The American Red Cross reported that 3% of Americans donate blood on a regular basis. People donating blood do this voluntarily, and there’s no financial reimbursement associated with it. Blood donors go through a variety of interviews and heavy screenings. Donors must be 18 years old and must have 110 pounds of weight or greater. Donated blood is stored at blood banks, and its supply varies depending on need. While blood donation is beneficial, there are pros and cons that you need to know as a blood donor.
The Pros of Donating Blood
Blood donation is a voluntary act that all healthy adults can take part in. Donated blood is distributed to those in need of it, including people that suffer from severe loss of blood and people who have undergone extreme medical procedures.
Blood is renewable. It renews itself within the body, so the donated blood will not be a loss by the body. Donation time is approximately 45 minutes or less, and a person can donate blood every 56 days.
Several or almost all blood donation centers offer free gifts to those people donating their blood. Freebies range from free coupons to free t-shirts.
Blood donation has several health benefits. It reduces blood cholesterol level and sheds extras calories. The number of blood cells within the body decreases after blood donation. This stimulates the bone marrow to produce new and fresh blood cells to replace the lost cells.

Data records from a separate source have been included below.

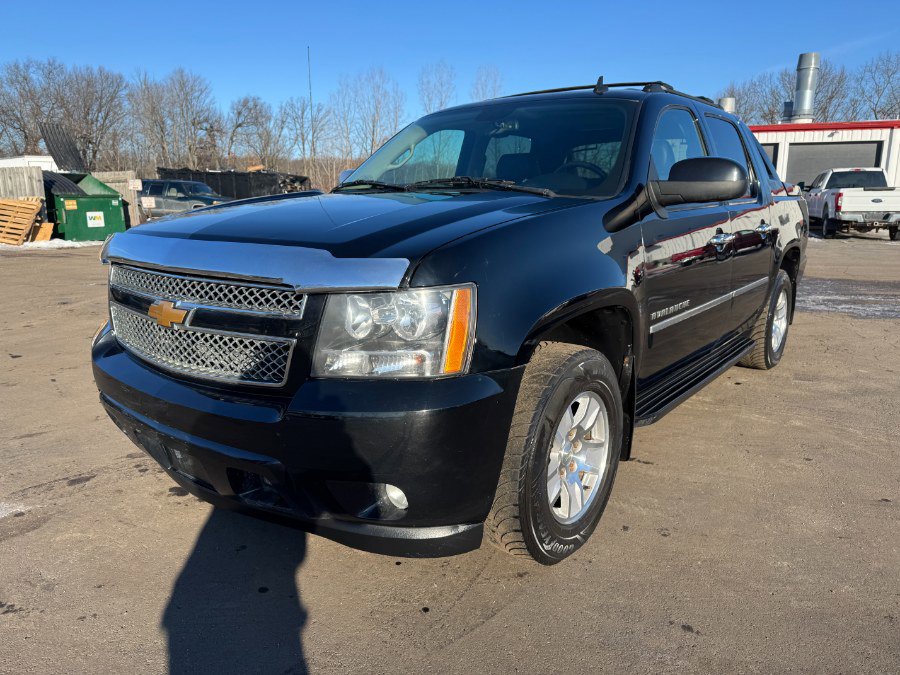 Used 2012 Chevrolet Avalanche LTZ image 1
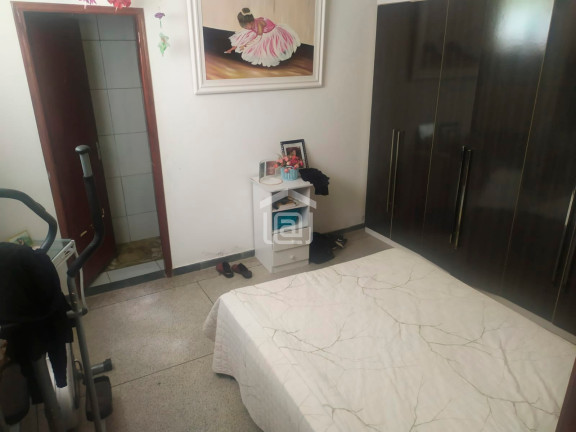 Imagem Casa com 3 Quartos à Venda, 200 m² em Jardim Ype - Poços De Caldas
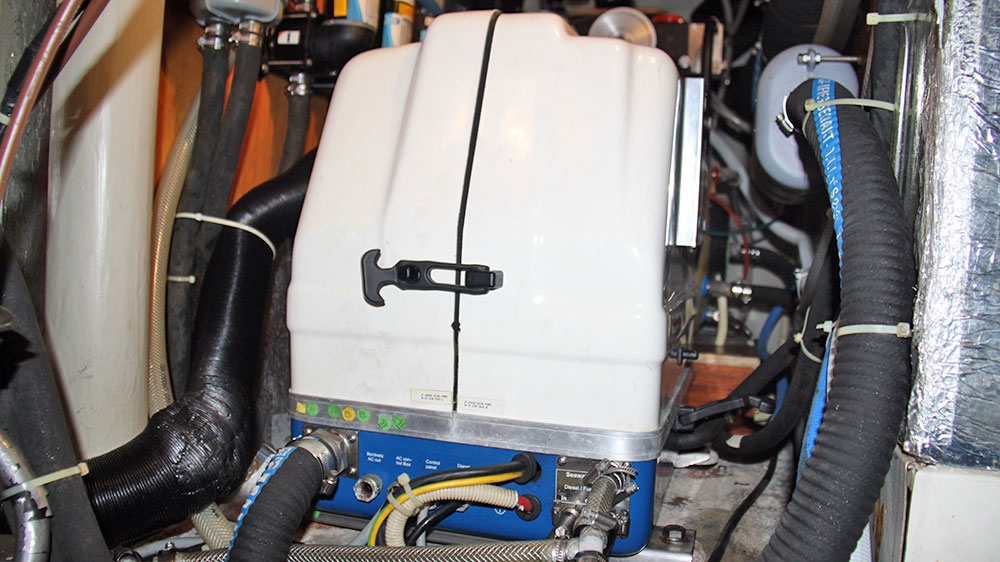 blauwasser_230_volt_generator_an_maschine_generator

The Cons of Blood Donation
The insertion of needle into the veins can be painful. While some people find the needle poke unpleasant, others have a strong fear ofneedles. Others are even afraid to see blood.
A person may faint or feel dizzy after donating blood, but these symptoms are quite common. These feelings disappear quickly after the body makes more blood. Almost all blood donation centers have free snacks and juice to help the donor boost energy levels.
Parents donate their own blood for their child that is having a surgical operation. They do this to prevent their child from receiving anonymous blood, if it is required. However, both direct blood and anonymous blood donors undergo series of screenings through the same process to identify if one is much safer than the other. The amount of paperwork that is required by anonymous blood donation is lesser than direct blood donation.
The entire process of blood donation involves a series of free medical checkups for the donor. The donor’s hemoglobin is tested before he/she can donate blood. Additionally, the donor is not permitted to donate blood if his/her hemoglobin level is less than 12.5 g/dL. The donor can become anemic if he/she losses more blood. Aside from the hemoglobin level, the donor’s body weight and blood pressure are checked. To top it all, the donor’s blood is tested for diseases that can be transmitted through blood, including malaria, HIV/AIDS, syphilis, and hepatitis B and C. Donors carrying these diseases are not accepted to donate their blood.